To Do Their Jobs, Drug Makers And Cost‐​Cutters Need Access To Our Health Data

Published by Bridge News, October 29, 1999

President Clinton has announced a “common sense” federal privacy policy for electronic health records, which he called “an unprecedented step toward putting Americans back in control of their own medical records.” But patients should be wary.

Consumers may find the administration’s privacy prescription something of a quack remedy, superficially easing fears of intrusions into medical records, while pushing the costs of health care higher.

In a nutshell, the proposed privacy policy assumes that the use of patient information for nonmedical purposes is disreputable.

For purposes like marketing, information such as who bought what drugs when and where would be permitted only after companies work through a tangle of red tape.

Except, of course, if the person asking to access the records is a law enforcement officer or an auditor looking for insurance or Medicare fraud.

In those circumstances, privacy principles go overboard fast.

The idea that patient information should be seen only by doctors has an emotional appeal. It’s grounded in the history of medical ethics, too.

But as always, there is another side to the story.

Why are insurance companies and auditors looking for access to our medical records? A major reason is soaring health‐​care costs.

Costs rise out of control not because of any market failure but because of the billions of dollars in subsidies that pour into the system from Medicare, Medicaid and other sources.

Patients have no reason to shop for the best price when much of the time someone else is footing the bill. So costs soar and fraud rises. Auditors demand access–and rightfully so. Soaring costs hurt all of us.

Free market reforms would restore our health‐​care system and help end the explosion in costs. Until such reforms are made, the auditors will not be sated.

Clinton’s medical privacy proposal is unsatisfying because it leaves medical records open to endless audits of treatment records.

The last thing patients need is to see more doctors fleeing solo practice rather than continuing to wrestle with thousands of pages of baffling billing rules in which a simple mistake can mean a fraud charge.

Yet the privacy proposal would bar insurance companies from referring to medical records in underwriting new patients. The effect is to favor opening records for pursuit of fraud after the fact, but restrict access to information that could prevent fraud in the first place.

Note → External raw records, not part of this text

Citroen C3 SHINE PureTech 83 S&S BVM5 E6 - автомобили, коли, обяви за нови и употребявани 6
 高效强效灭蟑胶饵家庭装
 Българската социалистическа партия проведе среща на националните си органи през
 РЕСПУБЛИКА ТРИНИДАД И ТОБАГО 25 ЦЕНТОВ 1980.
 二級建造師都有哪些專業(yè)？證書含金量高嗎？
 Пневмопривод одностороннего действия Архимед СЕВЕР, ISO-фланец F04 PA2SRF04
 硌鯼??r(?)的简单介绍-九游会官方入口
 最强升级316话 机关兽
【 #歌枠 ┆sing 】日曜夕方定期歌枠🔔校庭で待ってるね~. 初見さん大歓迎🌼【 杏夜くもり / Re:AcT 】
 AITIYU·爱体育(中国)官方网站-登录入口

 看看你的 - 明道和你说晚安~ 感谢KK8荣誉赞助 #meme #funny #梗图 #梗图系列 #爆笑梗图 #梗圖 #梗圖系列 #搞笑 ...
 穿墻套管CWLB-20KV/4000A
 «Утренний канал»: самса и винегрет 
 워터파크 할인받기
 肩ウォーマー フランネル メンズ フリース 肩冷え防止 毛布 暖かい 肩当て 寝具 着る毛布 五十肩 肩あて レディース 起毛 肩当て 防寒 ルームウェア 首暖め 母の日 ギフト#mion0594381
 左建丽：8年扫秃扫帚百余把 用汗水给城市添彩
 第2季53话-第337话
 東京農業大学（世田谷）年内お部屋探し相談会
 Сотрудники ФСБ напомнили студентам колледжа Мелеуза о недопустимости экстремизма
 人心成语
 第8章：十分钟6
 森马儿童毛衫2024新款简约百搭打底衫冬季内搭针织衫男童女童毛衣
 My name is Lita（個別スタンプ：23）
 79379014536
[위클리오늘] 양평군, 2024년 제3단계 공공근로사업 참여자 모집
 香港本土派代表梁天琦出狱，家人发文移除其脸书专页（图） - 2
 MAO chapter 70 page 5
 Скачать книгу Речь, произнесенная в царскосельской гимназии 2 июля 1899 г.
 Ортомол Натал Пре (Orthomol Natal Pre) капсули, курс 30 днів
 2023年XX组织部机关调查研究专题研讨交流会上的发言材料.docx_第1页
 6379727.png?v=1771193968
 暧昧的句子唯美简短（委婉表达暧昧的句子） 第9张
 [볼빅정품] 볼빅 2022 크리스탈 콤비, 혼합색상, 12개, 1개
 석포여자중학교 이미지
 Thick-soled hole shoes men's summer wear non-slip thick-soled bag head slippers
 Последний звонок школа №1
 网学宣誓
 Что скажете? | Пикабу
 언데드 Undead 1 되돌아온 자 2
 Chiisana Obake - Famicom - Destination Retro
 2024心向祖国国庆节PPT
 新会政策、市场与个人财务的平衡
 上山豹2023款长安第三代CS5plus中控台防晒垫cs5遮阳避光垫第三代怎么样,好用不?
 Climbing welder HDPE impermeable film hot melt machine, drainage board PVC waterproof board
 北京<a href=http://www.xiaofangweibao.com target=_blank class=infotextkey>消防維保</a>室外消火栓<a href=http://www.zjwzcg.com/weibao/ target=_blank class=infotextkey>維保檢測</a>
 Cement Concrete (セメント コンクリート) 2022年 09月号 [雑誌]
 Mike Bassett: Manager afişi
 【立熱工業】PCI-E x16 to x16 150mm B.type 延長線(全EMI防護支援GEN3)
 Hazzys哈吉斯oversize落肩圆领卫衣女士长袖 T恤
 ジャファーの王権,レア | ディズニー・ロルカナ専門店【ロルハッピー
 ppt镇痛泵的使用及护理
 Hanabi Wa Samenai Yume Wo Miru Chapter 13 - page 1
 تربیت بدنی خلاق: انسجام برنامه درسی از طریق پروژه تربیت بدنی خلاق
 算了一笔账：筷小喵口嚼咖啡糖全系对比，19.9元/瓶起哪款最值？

Insurance buyers who are in good health are doomed to pay higher premiums to cover those who are not entirely frank about their medical history.

Another force behind companies’ hunger for more information comes from the business side of medicine. Emotion again drives the debate. How can consumers benefit by having their medical information used in marketing?

The answer is startling. “Fear of Persuasion” by American Enterprise Institute scholar Jack Calfee shows that consumers get enormous benefits in lower prices and higher quality when companies compete through advertising.

Stopping the information flow between drug companies and patients using their products means less competition between pharmaceutical products. The patient is left with only his or her doctor as an information source.

The administration’s proposed privacy policy would allow patient information to be used for marketing purposes only if the consumer allows it.

Many patients have a vague fear that a drug company’s using patient information to develop a product or reach a market poses some danger to them. They may choose not to opt in. The sad thing is, they may never know that such decisions contribute to higher prices and less choice.

Another irony of the administration’s policy is its implicit endorsement of the use of medical information in academic research. Patient information could be used for research under the supervision of an ethics board.

Why is academic research so favored but the business end of the same enterprise–learning about how to improve people’s health–disfavored?

It is the business side of medicine, after all, that translates the finding of researchers into medicines and treatments. It is the marketing side of business that delivers those treatments into the hands of actual, individual patients.

Could a simple‐​minded view that business is bad and science is good be lurking in the minds of these “privacy advocates?”

As long as the federal government is entangled in our health‐​care system, it is hard to argue against some kind of federal action on privacy.

But this need should not be the occasion to push health costs yet higher and to restrict competition. As sensitive as we are about our health‐​care records, it is time to look at the other side of the story.

Human beings rarely make better decisions when they are given less information. And our health‐​care system desperately needs some informed decisions.